# HELP! Working Permit for Filipino Citizen



## meljul (May 21, 2012)

hello

im new here in this site. 

here's my situation. i have a Greek partner living here in the Philippines for almost a year now. And we really want to move to Greece so soon. Currently I'm unemployed. and I can't apply for schengen visa for that matter because it requires that i need to be employed or self-employed.


I've read that it would take so much time to process the papers specially for the residence permit. That's why I opt to apply for working permit. 

My partner's family has some businesses there in Greece. His mom is willing to be my employer.

Here's my questions. What are the processes that my potential employer should do? Normally, how long does it take?


Shedding thoughts and experiences are highly appreciated.


Thank you!


----------



## wka (Sep 18, 2009)

That's great that his mom will employ you! I believe that what she needs to do is advertise the position in the newspaper.

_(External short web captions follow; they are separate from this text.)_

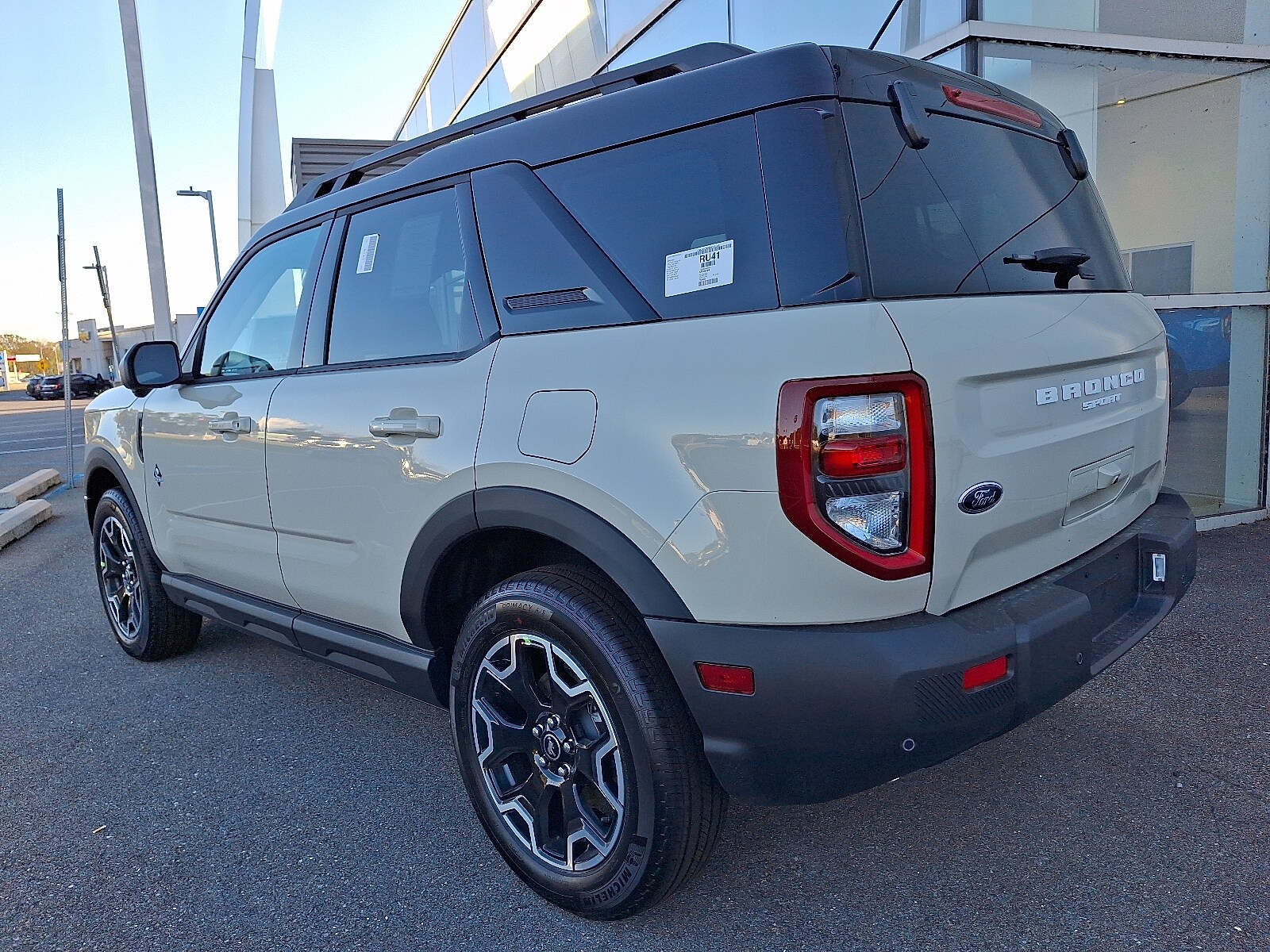 2025 Ford Bronco Sport Outer Banks photo 2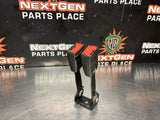 2015 GMC SIERRA 2500 REAR CENTER SEAT BELT BUCKLE RECEIVERS W BRACKET OEM #1335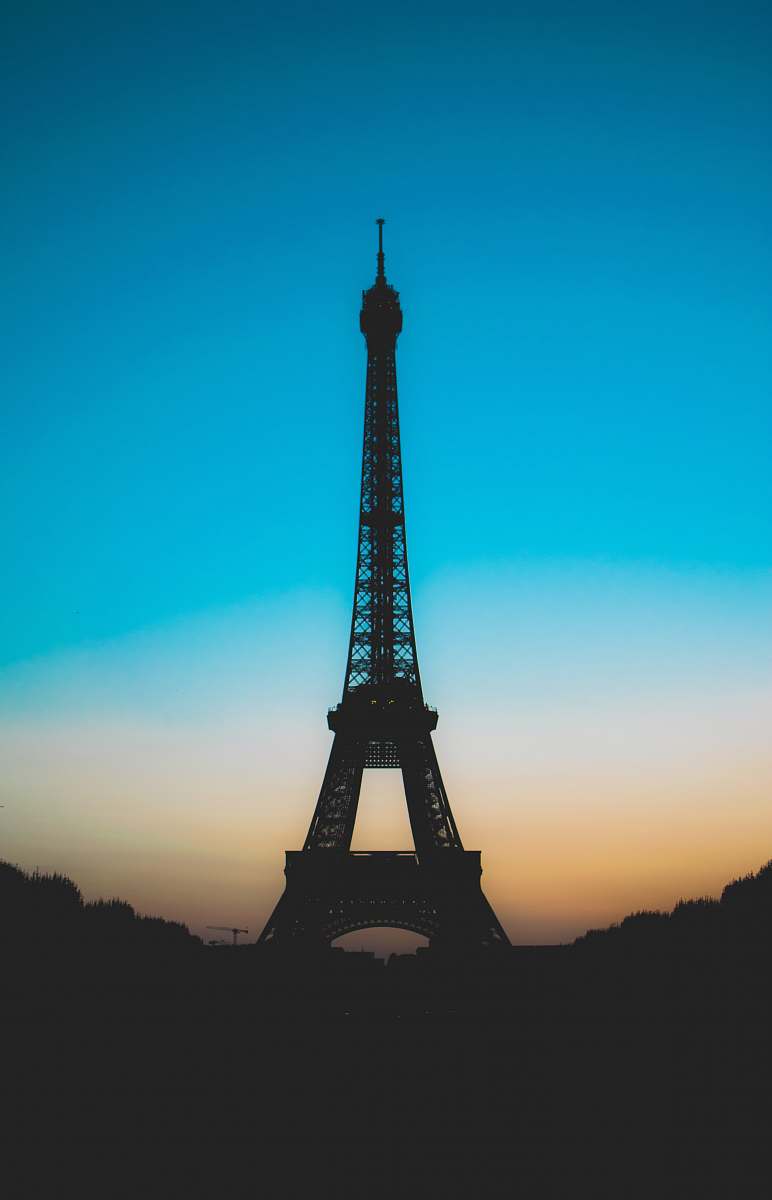 building silhouette of Eiffel tower tower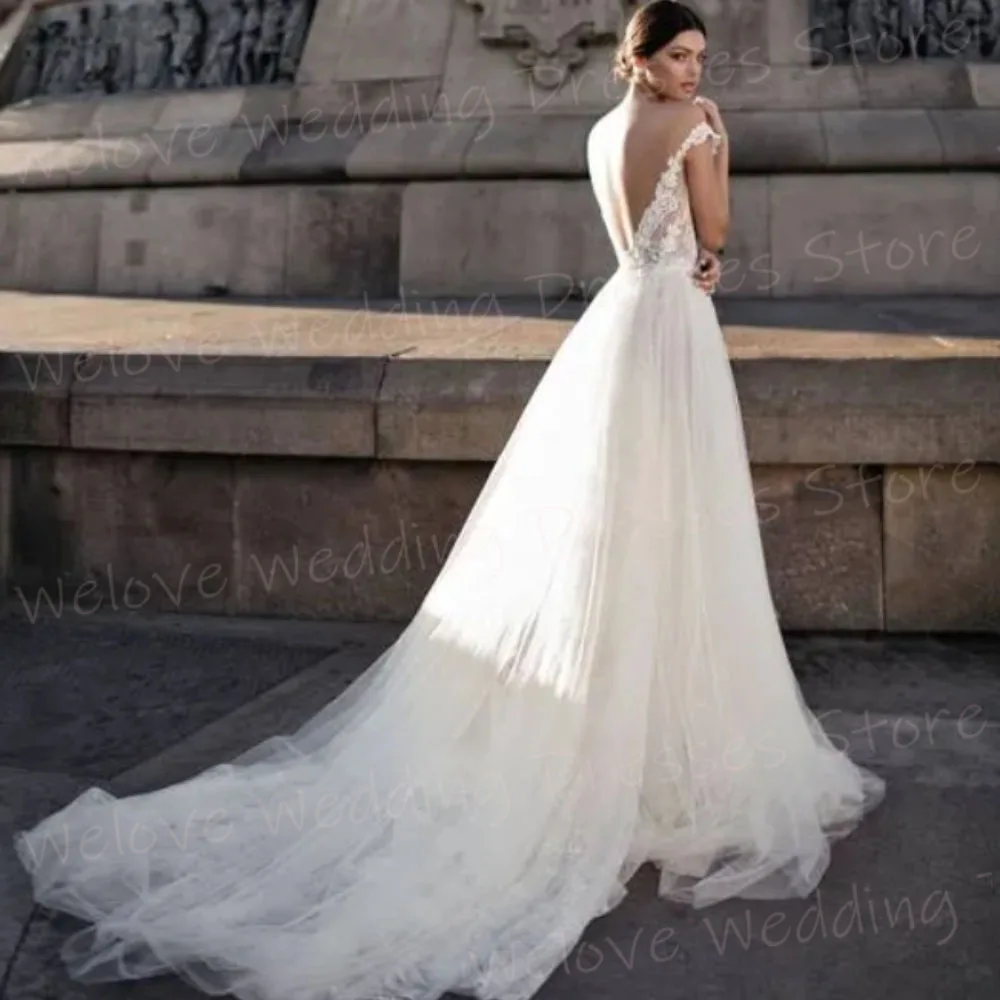 Modern Romantic A Line Women's Wedding Dresses Fascinating Appliques Lace Bride Gowns Sexy Classic Backless Vestidos Novias Boda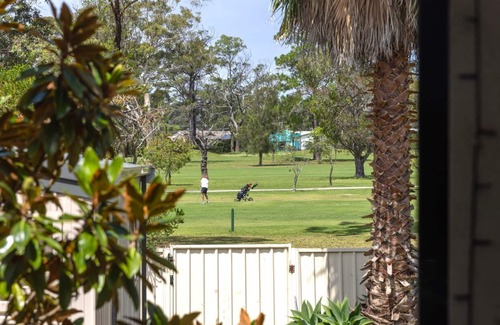 Sanctuary Point House | Nordic Fairway - Pet Friendly - 10 mins to Hyams Beach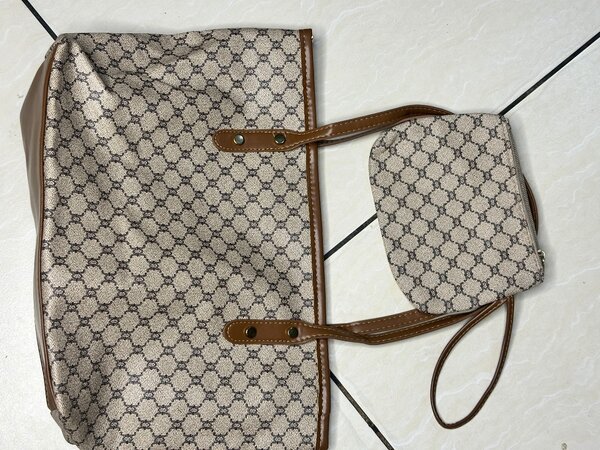 Sac à main élégant en toile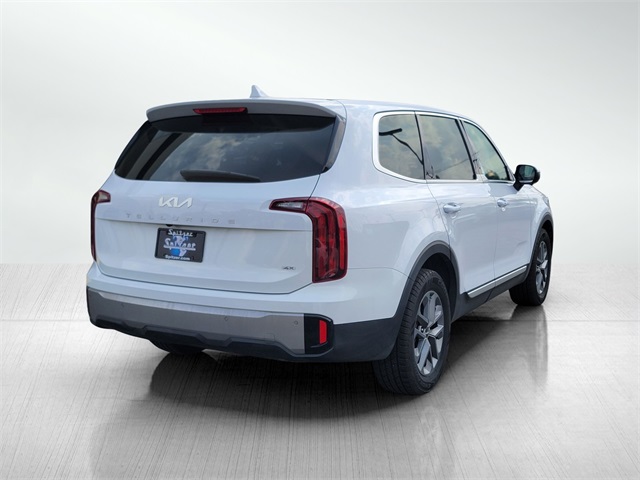 2023 Kia Telluride LX photo 4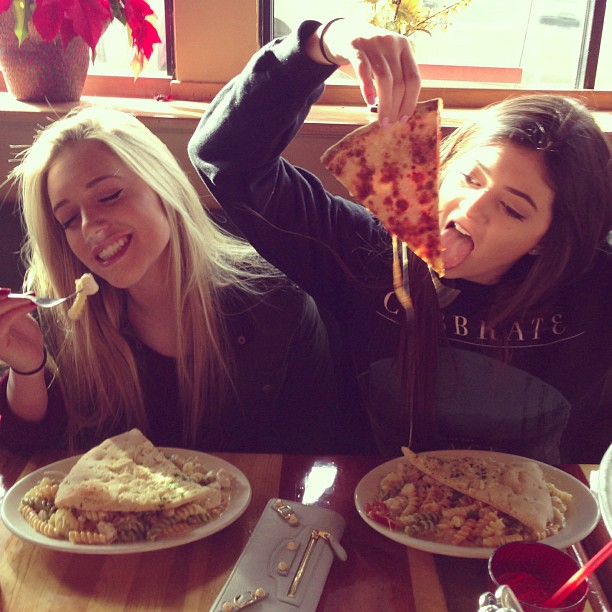 Being ladies at lunch with @iputtheindustryonmyback because our friends love to ...
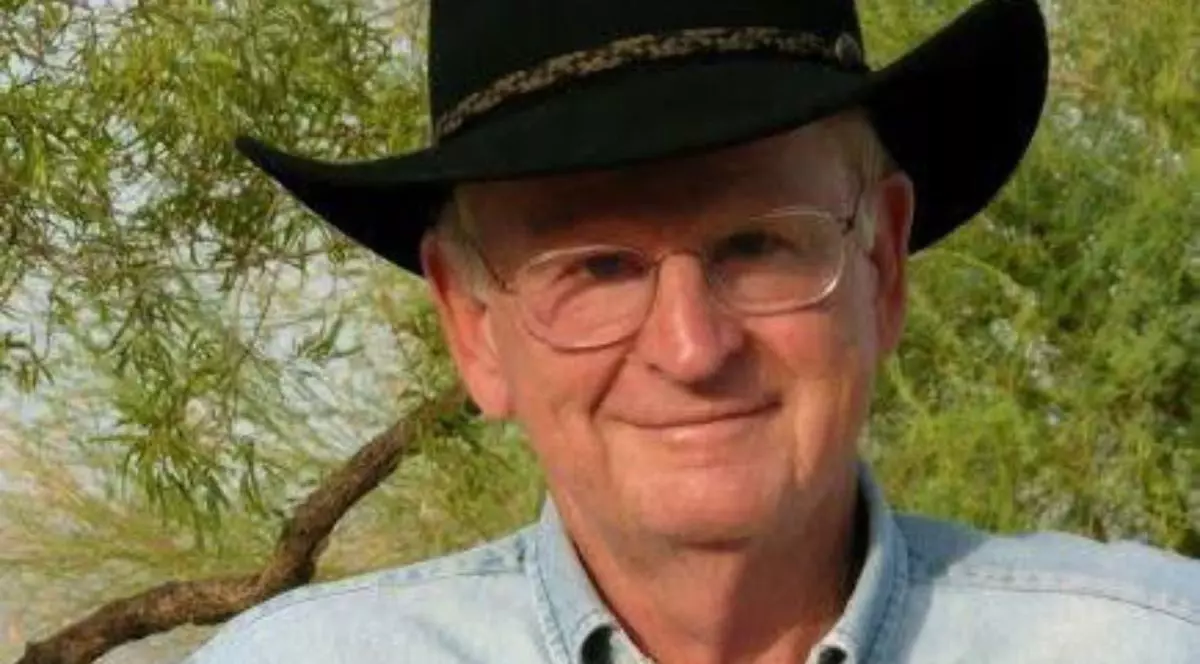 Nicholas Clapp, regizor de documentare și aventurier american supranumit „adevăratul Indiana Jones”, în imagine cu pălărie neagră de cowboy, camasă bleu si ochelari, a murit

For her to sponsor you, she has to claim that when she advertised the position, you (or you and other non-EU citizens) were the only person who applied and was suited for the job. Of course given the current unemployment in Greece (22%) that will be very hard for her to prove. 

An easier way is probably for the two of you to get married. That will get you automatic right to work and live in Greece for 5 years. However, if you don't feel ready to marry him, definitely don't do that. That's only for those people who are SURE they want to get married. In those cases, they often will get married a little sooner than they might have otherwise.


----------



## meljul (May 21, 2012)

thanks so much for your quick reply.

of course we are considering to get married some time in the future.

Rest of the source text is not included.